Action item: Skip the pictures and repeat each line of the data exactly.

Collected data:
========================================

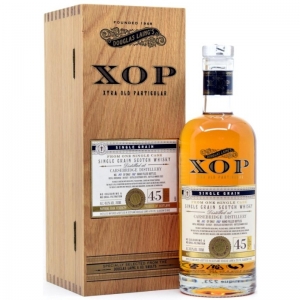 Xop Carsebridge 46yo 1976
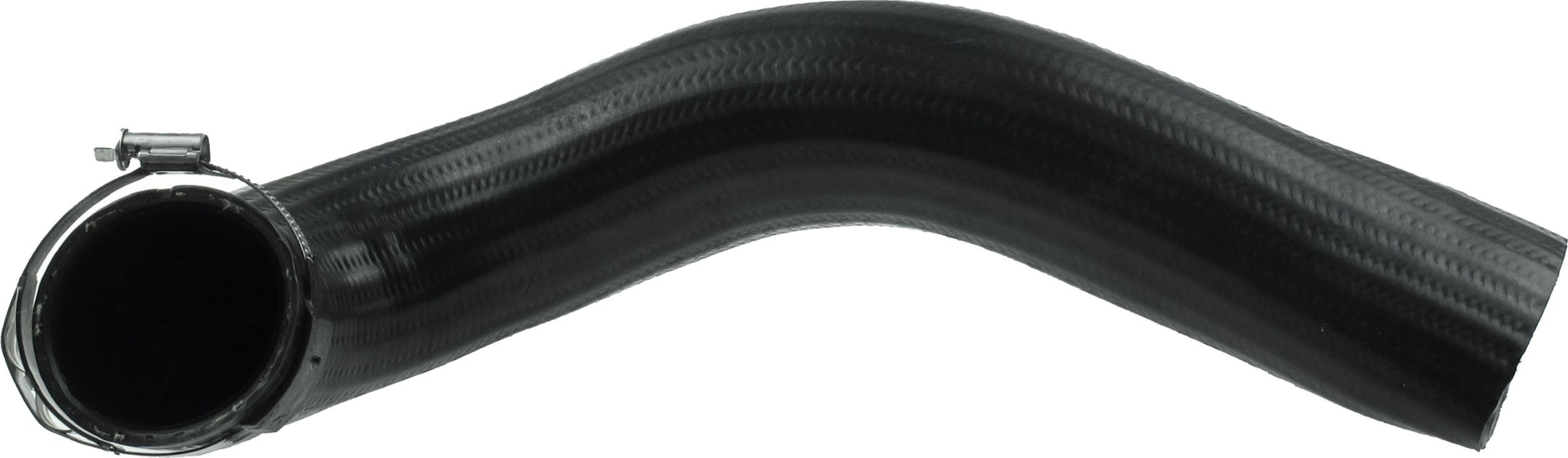 GATES Ladeluftslange 09-0671 Intercooler slange GATES 9-7X 09-0671 billige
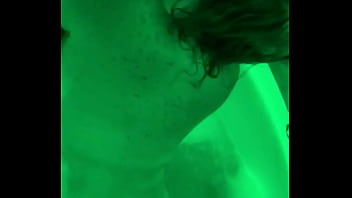 Guera, Cojelona - Unknown - 2025 - Amazing - Session - Video 3699029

========================================

Response area:
 Xop Carsebridge 46yo 1976
 GATES Ladeluftslange 09-0671 Intercooler slange GATES 9-7X 09-0671 billige
 Guera, Cojelona - Unknown - 2025 - Amazing - Session - Video 3699029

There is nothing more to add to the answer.